CI uploads the whole reports/ directory as an artifact and posts combined-test-report.md as a sticky PR comment.


Coverage

Coverage is on by default and can be disabled per-run with --no-coverage (pre-commit and quick local runs typically disable it).

Each group gets its own COVERAGE_FILE so parallel pytest invocations don't trample each other. After all groups complete, the rig runs coverage combine + coverage xml + coverage html.

We do not chase 100% coverage. The bar is critical-path coverage; the rig's job is to make gaps and regressions visible, not to enforce a number.


Branch policy

The rig itself has no branch awareness. Branch behavior is enforced in GitHub Actions, not in the rig:

  • On main, each tier runs in its own step (tox -e unit then tox -e integration, then tox -e e2e in the slow lane). Each invocation passes --fail-on-critical-gap --update-baseline. The rig merges (rather than overwrites) covered paths into previous-summary.json so the second tier's run preserves the first tier's coverage.
  • On PRs, the same tiered steps run without --fail-on-critical-gap, so gaps are visible but don't block.
  • The e2e workflow only runs on main, on PRs labeled run-e2e, on nightly cron, or via manual dispatch.

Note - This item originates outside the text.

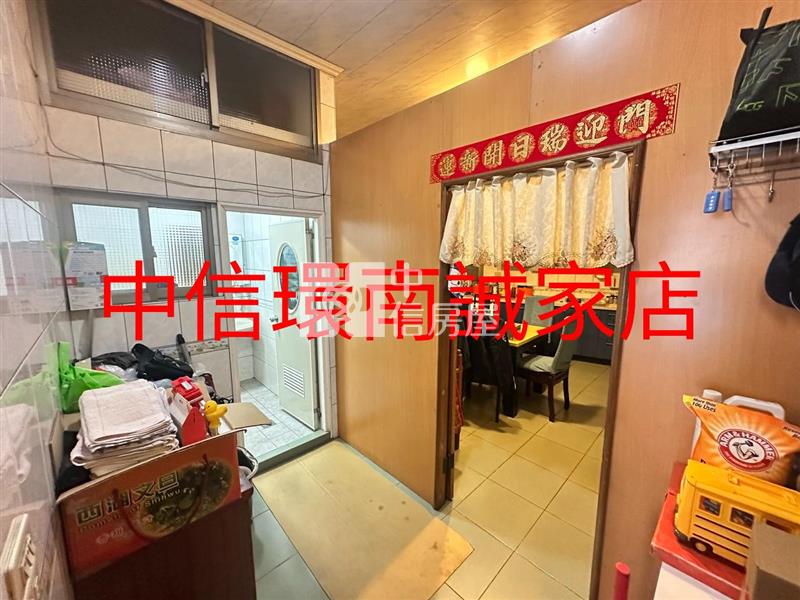 東安國中大空間透天店面房屋室內格局與周邊環境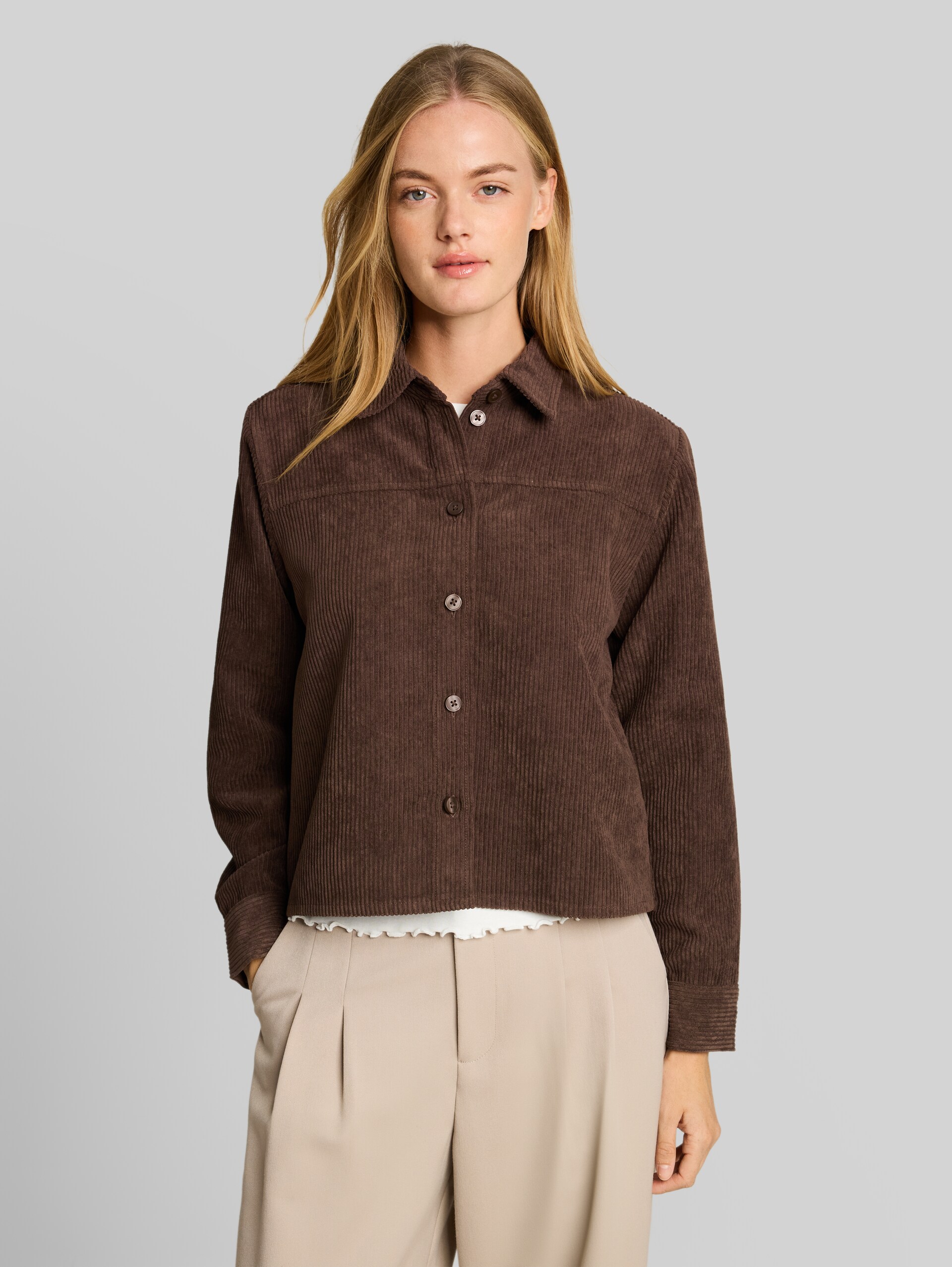 Boxy Fit Cordbluse - cool dark brown - Ausschnitt Model-Vorderansicht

Developers can scope local runs however they like via positional args, --from-file .test-selection, --tier, or --changed-only.


Adding tests

Where it goes What kind of test
backend/<app>/tests/, workers/tests/, unstract/<lib>/tests/, ... Unit tests for that service.
tests/integration/<area>/ Cross-service tests that need real infra but not the full platform.
tests/e2e/<flow>/ HTTP-level tests against a running platform.
tests/e2e/hurl/ Hurl-based HTTP suites.

After adding tests, either:

  1. Reuse an existing group whose paths already cover your file, or
  2. Add a new group to groups.yaml (and, if relevant, a critical_paths.yaml entry that lists it in covered_by).

Validate with python -m tests.rig validate before pushing.


Common commands cheat sheet

# Discovery
python -m tests.rig list-groups
python -m tests.rig list-critical-paths
python -m tests.rig expand e2e-workflow
python -m tests.rig validate

# Running
tox -e unit                                        # all unit groups
tox -e e2e -- e2e-smoke                            # one e2e group
tox -e groups -- unit-backend unit-workers         # multiple groups
tox -e groups -- --from-file .test-selection       # opt-in file
tox -e groups -- --changed-only                    # diff vs origin/main
tox -e groups -- all --no-coverage                 # everything, fast

# Platform control (manual)
python -m tests.rig platform up --runtime compose
python -m tests.rig platform down

# Re-aggregate existing reports
python -m tests.rig report combine